* Directions: Every line of the material must be given again verbatim. Skip the images.

* Information:

● ● ● ● ● ● ●

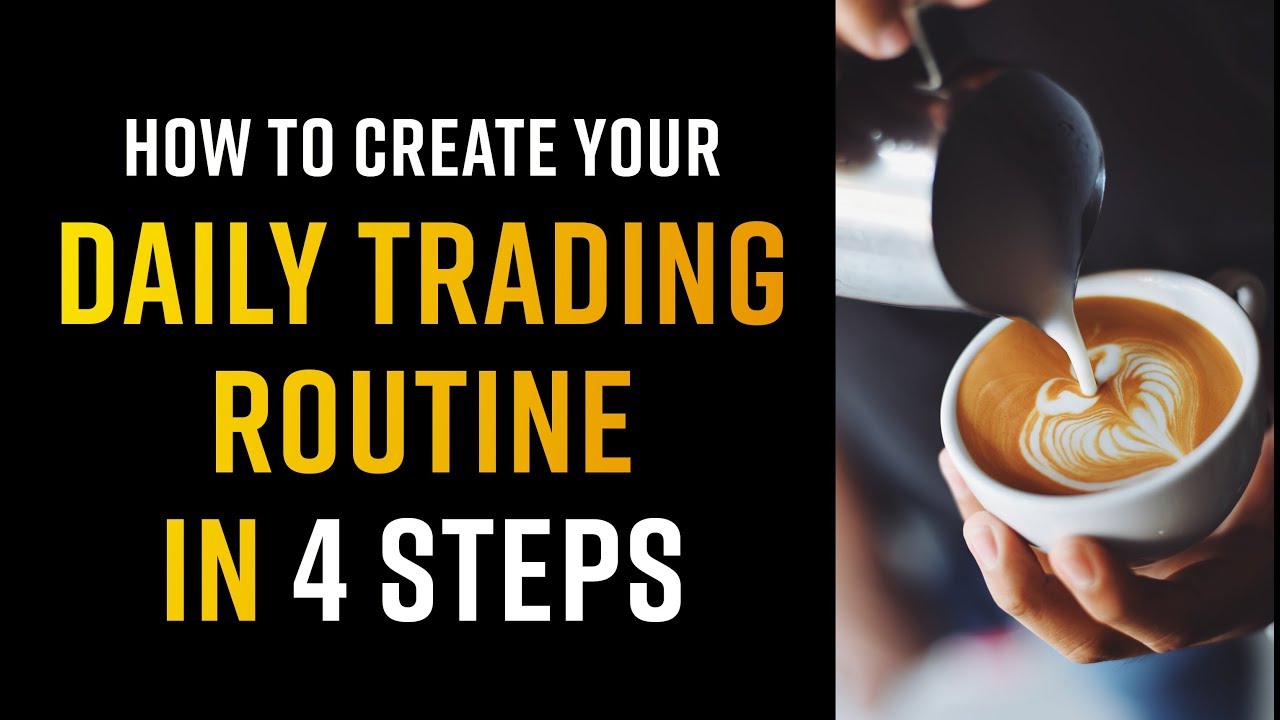 daily trading routine in 4 easy steps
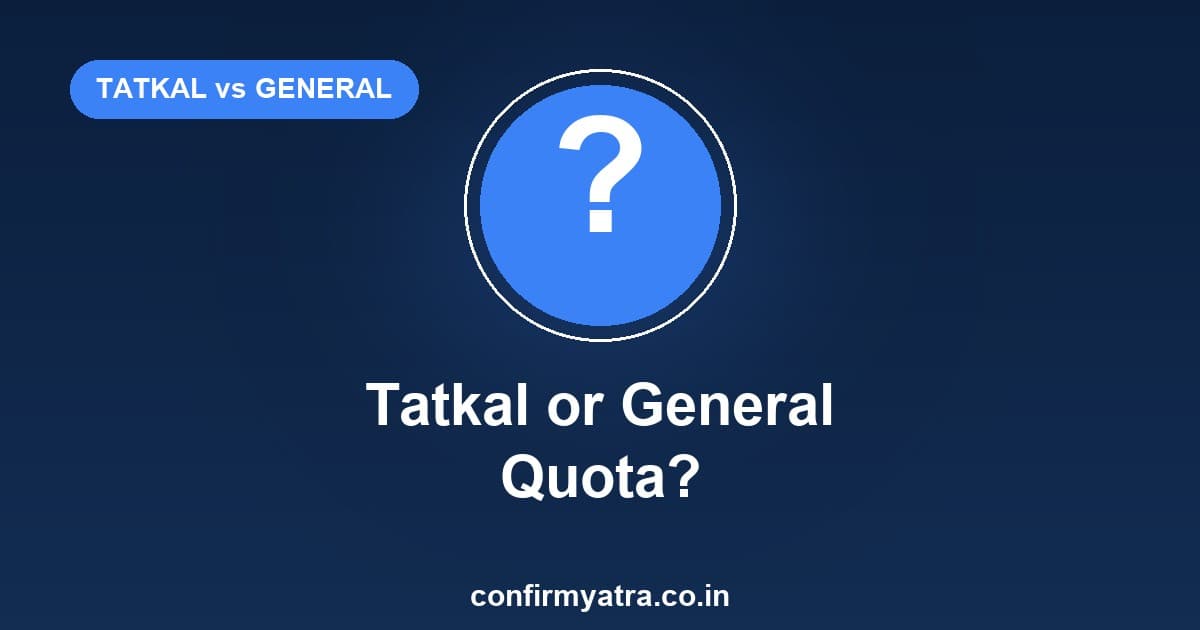 Tatkal vs General quota — which to book, compared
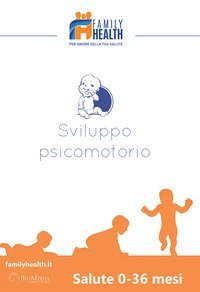 Sviluppo psicomotorio. Salute 0-36 mesi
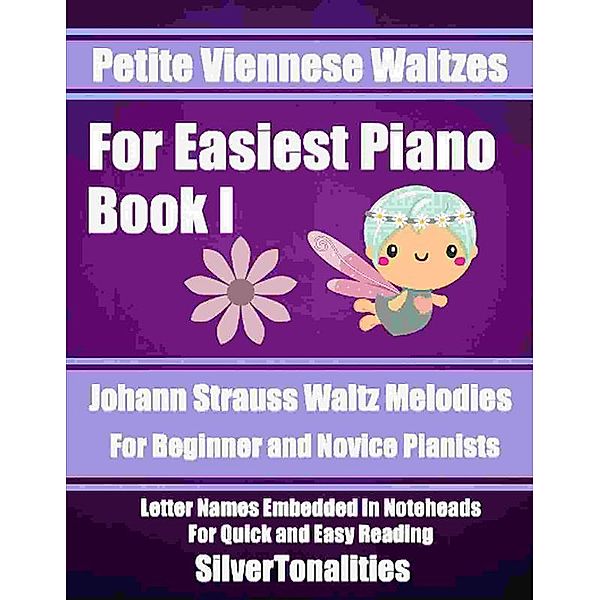 Petite Viennese Waltzes for Easiest Piano Booklet I, Silvertonalities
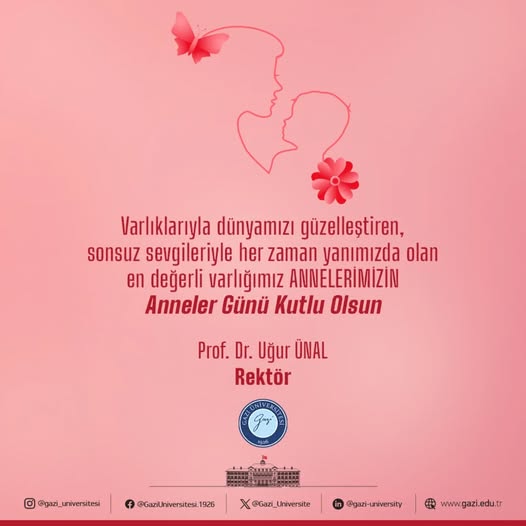 Gazi Üniversitesi, Anneler Günü'nü Kutladı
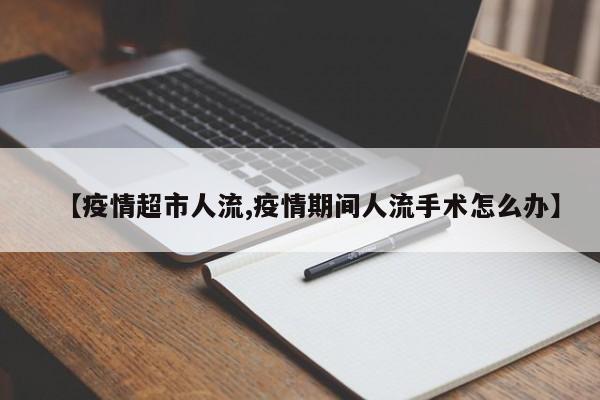 【疫情超市人流,疫情期间人流手术怎么办】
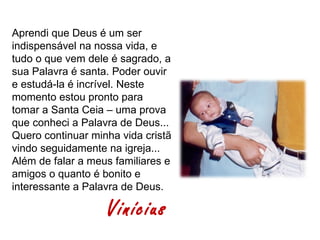 Aprendi que Deus é um ser
indispensável na nossa vida, e
tudo o que vem dele é sagrado, a
sua Palavra é santa. Poder ouvir
e estudá-la é incrível. Neste
momento estou pronto para
tomar a Santa Ceia – uma prova
que conheci a Palavra de Deus...
Quero continuar minha vida cristã
vindo seguidamente na igreja...
Além de falar a meus familiares e
amigos o quanto é bonito e
interessante a Palavra de Deus.

                   Vinícius
 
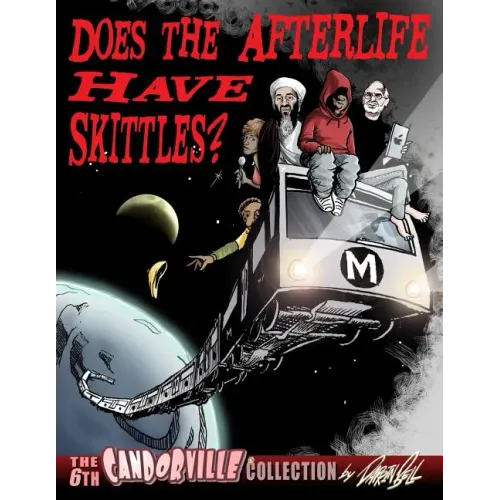 Does the Afterlife Have Skittles?: the 6th Candorville Collection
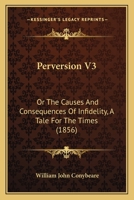 PERVERSION CAUSES CON (Victorian fiction : Novels of faith and doubt) 1241402035 Book Cover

● ● ● ● ● ● ●

* Completed exercise:
 daily trading routine in 4 easy steps
 Tatkal vs General quota — which to book, compared
 Sviluppo psicomotorio. Salute 0-36 mesi
 Petite Viennese Waltzes for Easiest Piano Booklet I, Silvertonalities
 Gazi Üniversitesi, Anneler Günü'nü Kutladı
 【疫情超市人流,疫情期间人流手术怎么办】
 Aprendi que Deus é um ser
indispensável na nossa vida, e
tudo o que vem dele é sagrado, a
sua Palavra é santa. Poder ouvir
e estudá-la é incrível. Neste
momento estou pronto para
tomar a Santa Ceia – uma prova
que conheci a Palavra de Deus...
Quero continuar minha vida cristã
vindo seguidamente na igreja...
Além de falar a meus familiares e
amigos o quanto é bonito e
interessante a Palavra de Deus.

                   Vinícius
 
 Does the Afterlife Have Skittles?: the 6th Candorville Collection
 PERVERSION CAUSES CON (Victorian fiction : Novels of faith and doubt) 1241402035 Book Cover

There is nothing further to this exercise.